I couldn't do much. A Noetherian ring can be defined as (1) a ring in which every ideal is finitely generated or, equivalently, (2) a ring which satisfies the ascending chain condition.
Since $P$ is principal and nonzero then $P=\langle p \rangle$ with $p \in R \setminus \{0\}$. Suppose there is $Q$ prime ideal such that $0 \subsetneq Q \subsetneq P$. Using definition (1), we have $Q=\langle q_1,...,q_r\rangle$. Since $Q \subset P$ then $q_i=pp_i$ for all $1\leq i \leq r$. By hypothesis $Q \neq P$, from this and the fact that $Q$ is prime, it follows $p_i \in Q$ for all $i$.
Here I got completely stuck, I would appreciate hints to finish the problem.
 A: Unless I'm missing something here, this is not too complicated. I'll leave it as a nice exercise in using definitions that in a Noetherian domain, every nonzero prime ideal contains an irreducible element. So there exists $q\in Q$ irreducible. Then $q\in P$, so $p\mid q$; since $q$ is irreducible and $p$ is not a unit, $q$ is an associate of $p$, so $(q)\subseteq Q \subseteq P = (p) = (q)$ and all the containments are equalities.
A: Assume the hypothesis. Let $q$ be a non-zero element of $Q$. Suppose there exists an integer $k$ such that $q$ may not be written as $p^{k+1}u$ for any element $u$. Let $n$ be the least such integer. Then $q$ may be written as $p^nu$ for some $u$. But since $p$ is not in $Q$, $u$ must be in $Q$ and on the form $pu'$, a contradiction. 

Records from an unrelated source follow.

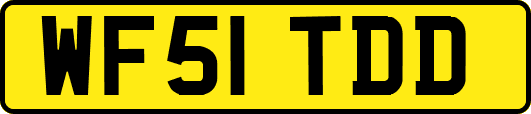 WF51TDD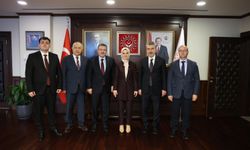 Ahmet Metin Genç, Ankara’dan müjdelerle dönüyor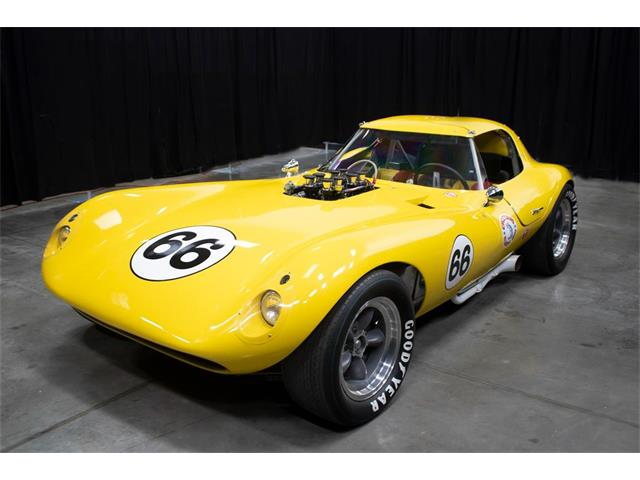 1964 Cheetah Race Car (CC-1602903) for sale in LEEDS, Alabama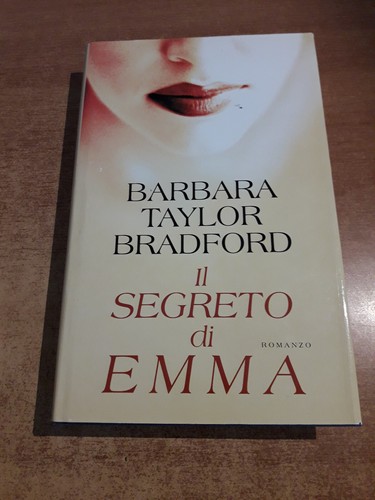 Segreto emma barbara - segreto, di
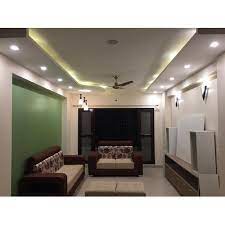 Maybe you would like to learn more about one of these? Living Room False Ceiling Design In Faridabad By Shine Interiors Id 22566964355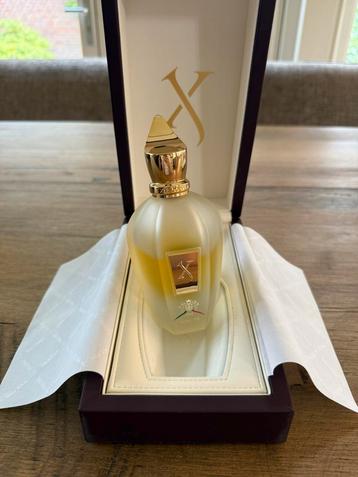 Xerjoff Naxos 2022 (60/100ml) beschikbaar voor biedingen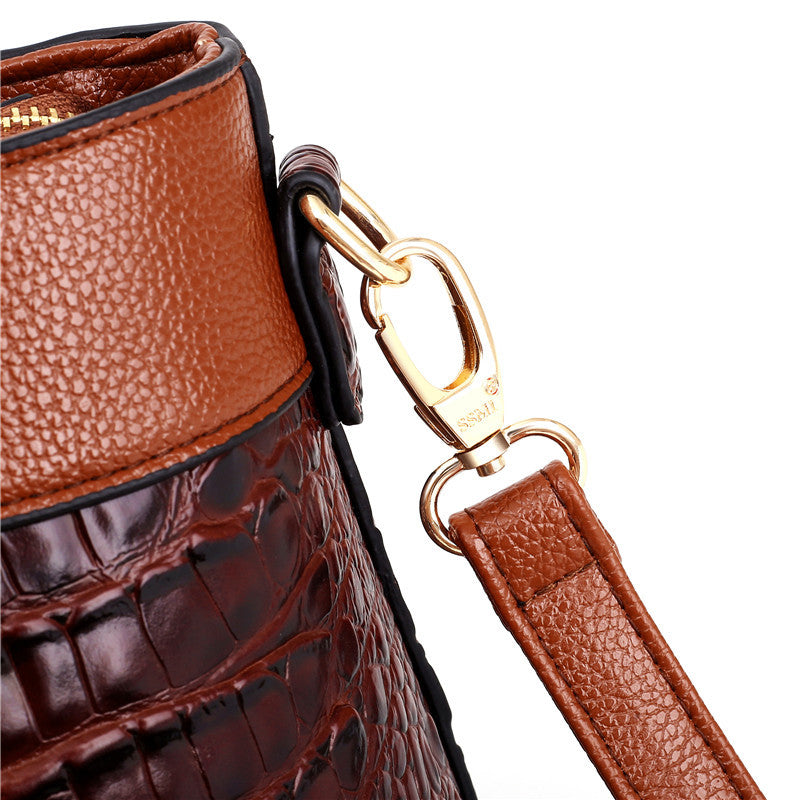 April™ - Mångsidig Crossbody väska
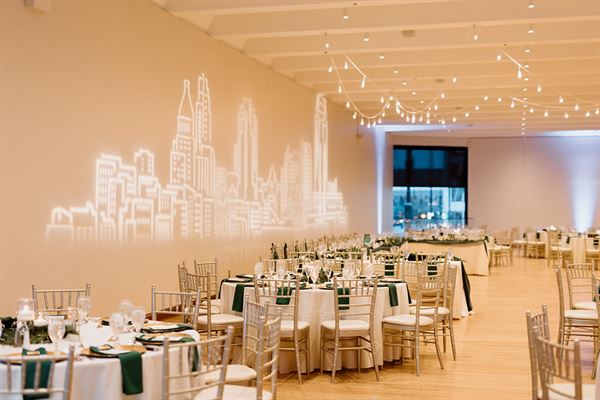 The Pinnacle Ballroom - McHale's Events and Catering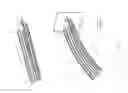 Fig. 02 - Curved Building Panel, Building Structure, Panel Curving System and Methods for Making Curved Building Panels
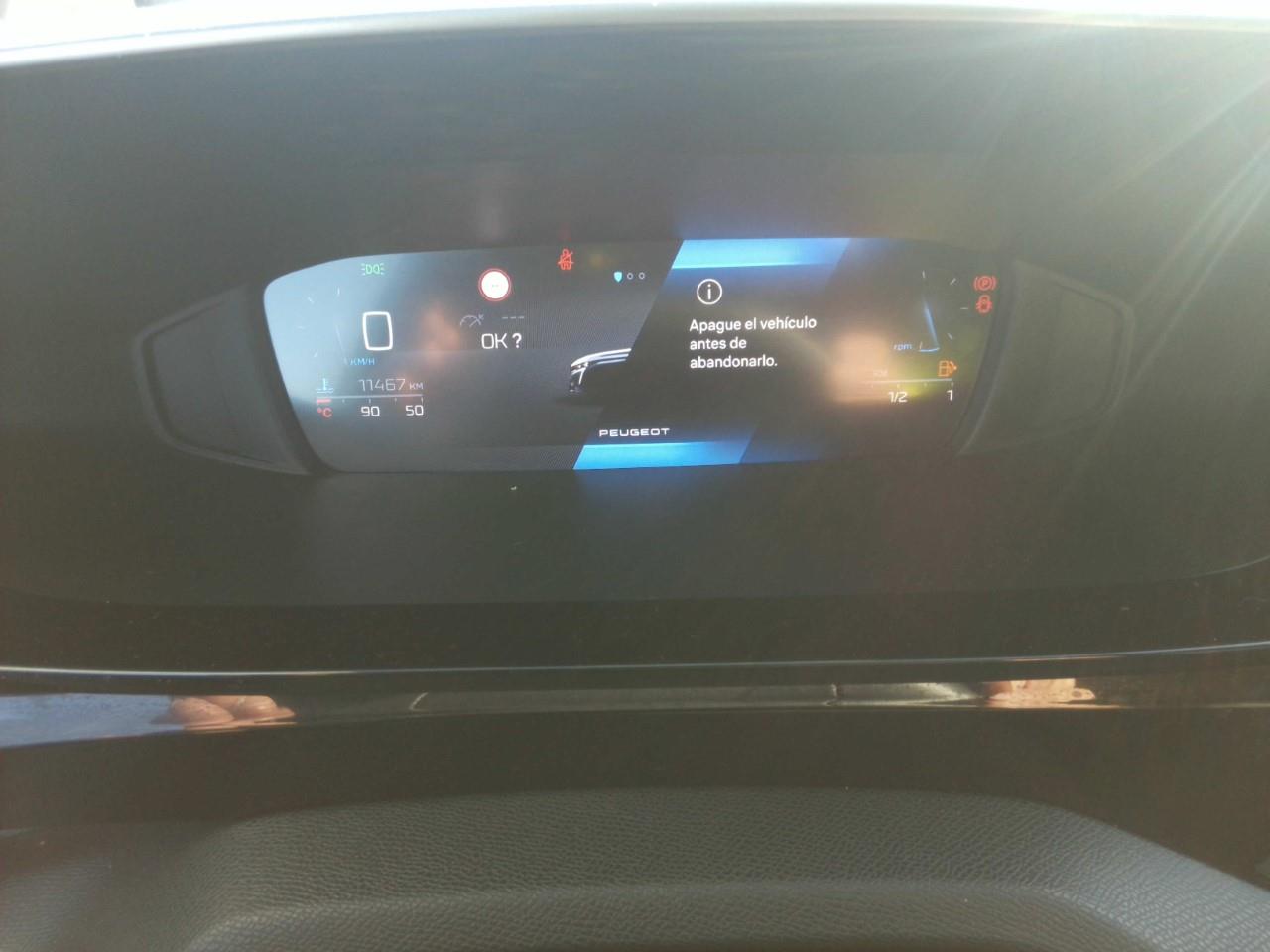 Foto Peugeot 308 3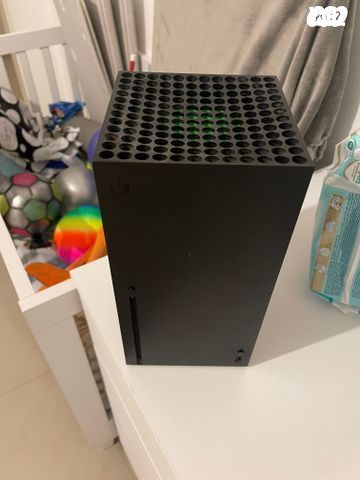 Xbox Series X + Elite 2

Thus we conclude that for any integer $k$, there is an element $u_k$ such that $q = p^ku_k$. Consider the ideal $I$ generated by $u_k$ for each integer $k$. By the noetherian hypothesis, $I$ is generated by $u_1,...,u_n$ for some $n$. Thus $u_{n+1} = a_1u_1+...+a_nu_n$ for elements $a_i$ and
$$q = p^{n+1}u_{n+1} = a_1p^{n+1} u_1 + \cdots + a_np^{n+1}u_n = qa_1p^n + \cdots + qa_np.$$
Hence $q(1-p(a_1p^{n-1}+\cdots+a_n)) = 0$. $R$ being an integral domain, this implies that $1 = pA$ for some element $A$, hence $P$ is not a proper ideal. A contradiction.
A: Use the following corollary to Krull's principal ideal theorem: Prime ideals in a Noetherian satisfy the descending chain condition, with length of primes descending from a prime $P$ bounded by the number of generators of $P$. 
Thus any principal prime must contain at most one other prime. Since the ring is an integral domain this must be zero ideal.